I am self-studying topology and came across question 17R of Willard's General Topology.
17R. Compact subsets of $\mathbb{R}$
There are uncountably many nonhomeomorphic compact subsets of $\mathbb{R}$. [Use ordinals.]
The discussions I found which are similar (e.g. Uncountably many non-homeomorphic compact subsets of the circle) use what seems to be more advanced stuff ("Cantor-Bendixson rank", for example).
I guess the hint suggest us to look at $\Omega=[0,\omega_1]$, where $\omega_1$ is the first uncountable ordinal. I can do the following:
- Every countable ordinal embeds into $\mathbb{R}$. This is more-or-less straightforward induction.
So the problem boils down in proving that there are uncountably many non-homeomorphic countable ordinals. It is also clear that if $\alpha$ is an infinite ordinal and $\beta$ is the largest limit ordinal $\leq\alpha$, then the compacts $[0,\alpha]$ and $[0,\beta]$ are homeomorphic.
I can also prove that there are uncountably many countable limit ordinals, but some of these are homeomorphic to each other (e.g. $\omega^2+\omega$ and $\omega^2$).

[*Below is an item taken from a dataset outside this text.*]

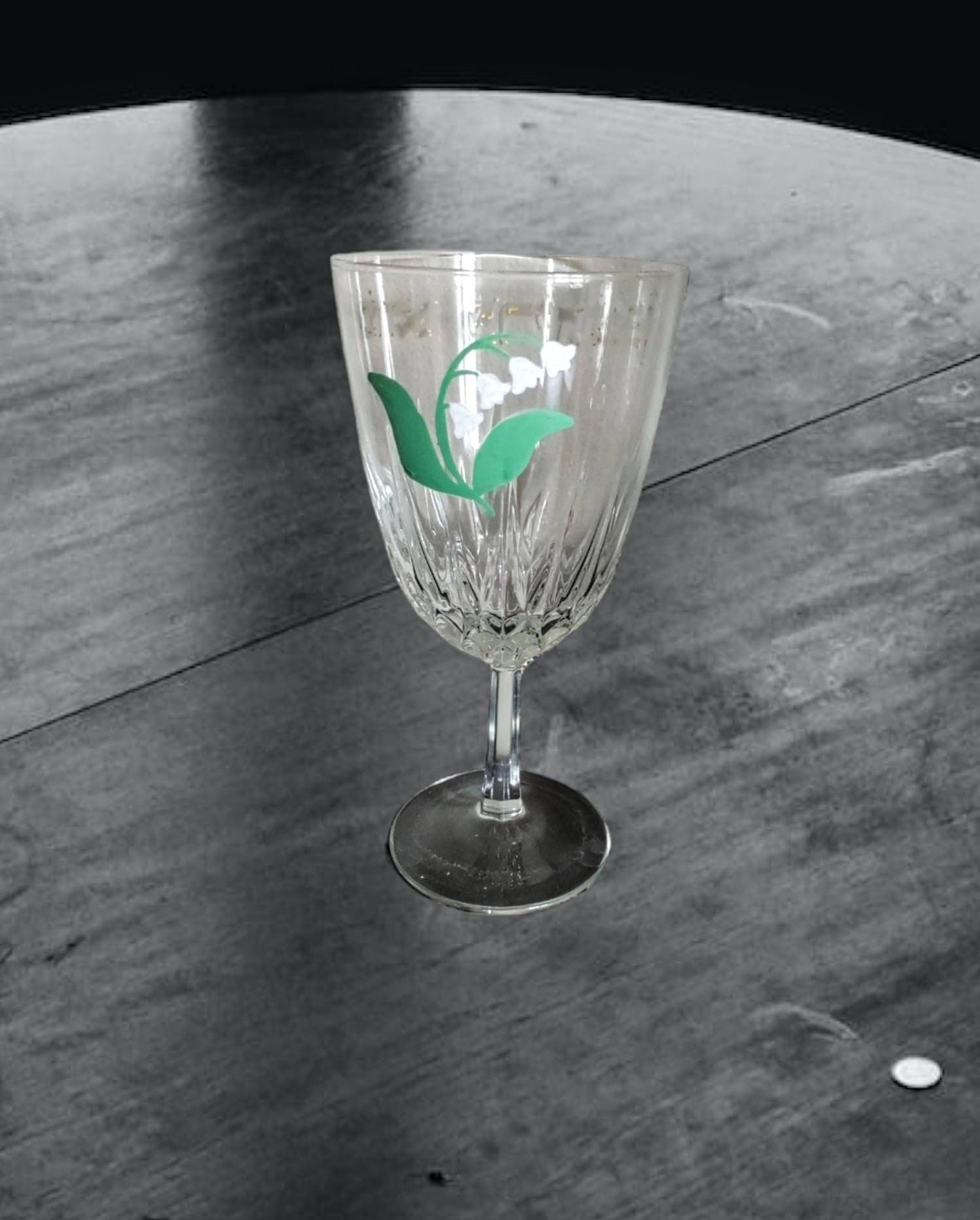 Blessing Over Wine Kiddish Cup Lilies Etched Glass Hand Painted Passover Tableware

I would appreciate help, using not much more than basic facts about $\omega_1$ (as it is introduced in Willard's book).
Best Answer
Here is a proof that does not use ordinals at all. The crucial ingredient is the following lemma.
Lemma: Let $X$ be a nonempty compact Hausdorff space and suppose there exist two embeddings $f_0,f_1:X\to X$ with disjoint images. Then $X$ is uncountable.

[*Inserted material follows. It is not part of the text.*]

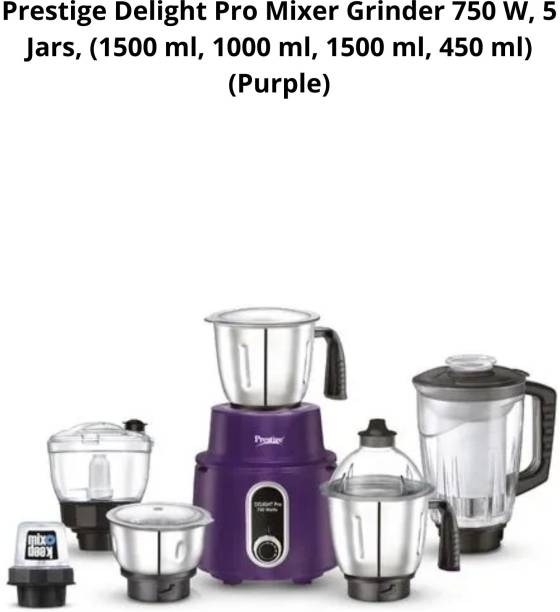 Prestige Pro Mixer Grinder 750 W, 5 Jars, (1500 ml, 1000 ml, 1500 ml, 450 ml) (Purple) Delight 750 Juicer Mixer Grinder (5 Jars, Purple)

Proof: The idea is that by iterating $f_0$ and $f_1$, you get a fractal of copies of $X$ similar to the Cantor set, which then must accumulate at uncountably different points. To make this precise, for any finite sequence $s$ of $0$s and $1$s, let $f_s$ be the corresponding composition of $f_0$s and $f_1$s. For any infinite sequence $r$ of $0$s and $1$s, let $X_r=\bigcap_s f_s(X)$ where $s$ ranges over all finite initial segments of $r$. Note that each $f_s(X)$ is a nonempty closed set, and they are nested, so by compactness, each $X_r$ is nonempty. But if $r\neq r'$, then $X_r$ and $X_{r'}$ are disjoint, since if you let $s$ and $s'$ be the first corresponding initial segments that differ, then $f_s(X)$ and $f_{s'}(X)$ are disjoint since $f_0$ and $f_1$ have disjoint images. Since there are uncountably many choices of $r$, this means $X$ be uncountable.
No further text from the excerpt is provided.